Problem requirements: Write out the entries below exactly. End with the line that contains "Homme Vilebrequin T-Shirts^T-Shirt".

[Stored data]
========================================
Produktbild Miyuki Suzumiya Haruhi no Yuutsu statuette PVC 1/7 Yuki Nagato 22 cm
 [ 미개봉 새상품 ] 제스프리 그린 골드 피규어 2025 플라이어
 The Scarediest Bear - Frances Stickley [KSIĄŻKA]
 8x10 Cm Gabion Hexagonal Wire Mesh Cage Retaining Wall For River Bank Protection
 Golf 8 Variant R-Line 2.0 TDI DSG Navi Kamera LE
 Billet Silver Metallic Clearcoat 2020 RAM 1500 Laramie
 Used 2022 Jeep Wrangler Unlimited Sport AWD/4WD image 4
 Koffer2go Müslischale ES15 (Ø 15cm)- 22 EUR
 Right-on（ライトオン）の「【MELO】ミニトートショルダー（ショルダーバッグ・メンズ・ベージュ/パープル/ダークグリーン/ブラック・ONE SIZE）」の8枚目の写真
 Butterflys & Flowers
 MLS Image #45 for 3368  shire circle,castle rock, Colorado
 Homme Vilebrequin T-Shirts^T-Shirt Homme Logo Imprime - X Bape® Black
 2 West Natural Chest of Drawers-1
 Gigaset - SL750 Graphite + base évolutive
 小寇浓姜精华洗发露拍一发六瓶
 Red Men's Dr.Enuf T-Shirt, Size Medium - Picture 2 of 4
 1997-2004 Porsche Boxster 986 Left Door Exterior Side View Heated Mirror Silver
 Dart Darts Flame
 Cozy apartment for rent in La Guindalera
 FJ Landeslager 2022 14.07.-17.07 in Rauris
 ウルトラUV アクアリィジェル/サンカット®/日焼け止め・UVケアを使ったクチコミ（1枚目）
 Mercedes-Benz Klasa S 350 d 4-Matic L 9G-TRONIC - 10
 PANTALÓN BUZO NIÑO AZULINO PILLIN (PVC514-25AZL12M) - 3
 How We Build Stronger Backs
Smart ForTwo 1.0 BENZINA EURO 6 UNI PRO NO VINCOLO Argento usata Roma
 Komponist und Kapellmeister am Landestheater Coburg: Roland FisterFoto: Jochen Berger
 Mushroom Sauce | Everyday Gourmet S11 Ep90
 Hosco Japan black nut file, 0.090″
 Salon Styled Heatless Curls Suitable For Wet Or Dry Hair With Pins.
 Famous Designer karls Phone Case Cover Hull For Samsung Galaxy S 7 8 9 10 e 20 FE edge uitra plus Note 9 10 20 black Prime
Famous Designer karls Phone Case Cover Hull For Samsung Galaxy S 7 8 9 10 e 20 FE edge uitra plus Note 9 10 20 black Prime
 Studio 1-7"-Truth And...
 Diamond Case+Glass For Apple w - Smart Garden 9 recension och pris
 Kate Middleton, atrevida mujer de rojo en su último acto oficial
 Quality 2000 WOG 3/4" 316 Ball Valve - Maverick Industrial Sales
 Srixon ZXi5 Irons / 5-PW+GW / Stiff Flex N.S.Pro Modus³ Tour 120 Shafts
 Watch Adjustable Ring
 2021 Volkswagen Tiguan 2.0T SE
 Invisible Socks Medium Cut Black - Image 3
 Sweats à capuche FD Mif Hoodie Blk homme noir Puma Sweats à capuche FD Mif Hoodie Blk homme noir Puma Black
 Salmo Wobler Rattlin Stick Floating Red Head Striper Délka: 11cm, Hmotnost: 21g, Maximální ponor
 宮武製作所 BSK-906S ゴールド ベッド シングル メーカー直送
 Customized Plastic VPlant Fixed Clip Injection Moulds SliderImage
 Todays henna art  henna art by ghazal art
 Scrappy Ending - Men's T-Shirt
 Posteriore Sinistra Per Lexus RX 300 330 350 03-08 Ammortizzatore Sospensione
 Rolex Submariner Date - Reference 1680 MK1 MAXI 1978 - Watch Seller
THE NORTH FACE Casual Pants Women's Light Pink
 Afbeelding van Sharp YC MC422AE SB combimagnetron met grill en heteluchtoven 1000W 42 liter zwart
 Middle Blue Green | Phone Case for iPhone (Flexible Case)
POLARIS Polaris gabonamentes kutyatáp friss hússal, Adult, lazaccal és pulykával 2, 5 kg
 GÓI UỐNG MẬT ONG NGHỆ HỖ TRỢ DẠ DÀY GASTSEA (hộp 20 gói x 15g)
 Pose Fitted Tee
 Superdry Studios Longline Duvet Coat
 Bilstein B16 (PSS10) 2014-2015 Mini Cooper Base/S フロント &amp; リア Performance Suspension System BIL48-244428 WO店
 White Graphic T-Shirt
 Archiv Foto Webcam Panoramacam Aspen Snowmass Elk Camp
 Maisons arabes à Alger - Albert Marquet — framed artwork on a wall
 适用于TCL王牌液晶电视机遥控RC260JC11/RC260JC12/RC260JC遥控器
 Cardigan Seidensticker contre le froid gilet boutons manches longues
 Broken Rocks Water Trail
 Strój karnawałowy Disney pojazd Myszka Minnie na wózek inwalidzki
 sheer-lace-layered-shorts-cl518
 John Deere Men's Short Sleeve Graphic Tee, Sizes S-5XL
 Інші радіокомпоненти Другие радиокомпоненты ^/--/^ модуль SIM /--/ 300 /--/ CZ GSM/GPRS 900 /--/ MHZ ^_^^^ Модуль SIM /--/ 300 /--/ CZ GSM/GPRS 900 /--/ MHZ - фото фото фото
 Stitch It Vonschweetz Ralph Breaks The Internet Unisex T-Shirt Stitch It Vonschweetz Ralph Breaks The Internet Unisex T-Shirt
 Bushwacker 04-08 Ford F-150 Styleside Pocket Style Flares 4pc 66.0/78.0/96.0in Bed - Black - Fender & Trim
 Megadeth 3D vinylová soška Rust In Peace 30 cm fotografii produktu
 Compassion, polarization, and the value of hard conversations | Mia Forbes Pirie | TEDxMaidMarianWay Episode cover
========================================
Response area:
Produktbild Miyuki Suzumiya Haruhi no Yuutsu statuette PVC 1/7 Yuki Nagato 22 cm
 [ 미개봉 새상품 ] 제스프리 그린 골드 피규어 2025 플라이어
 The Scarediest Bear - Frances Stickley [KSIĄŻKA]
 8x10 Cm Gabion Hexagonal Wire Mesh Cage Retaining Wall For River Bank Protection
 Golf 8 Variant R-Line 2.0 TDI DSG Navi Kamera LE
 Billet Silver Metallic Clearcoat 2020 RAM 1500 Laramie
 Used 2022 Jeep Wrangler Unlimited Sport AWD/4WD image 4
 Koffer2go Müslischale ES15 (Ø 15cm)- 22 EUR
 Right-on（ライトオン）の「【MELO】ミニトートショルダー（ショルダーバッグ・メンズ・ベージュ/パープル/ダークグリーン/ブラック・ONE SIZE）」の8枚目の写真
 Butterflys & Flowers
 MLS Image #45 for 3368  shire circle,castle rock, Colorado
 Homme Vilebrequin T-Shirts^T-Shirt Homme Logo Imprime - X Bape® Black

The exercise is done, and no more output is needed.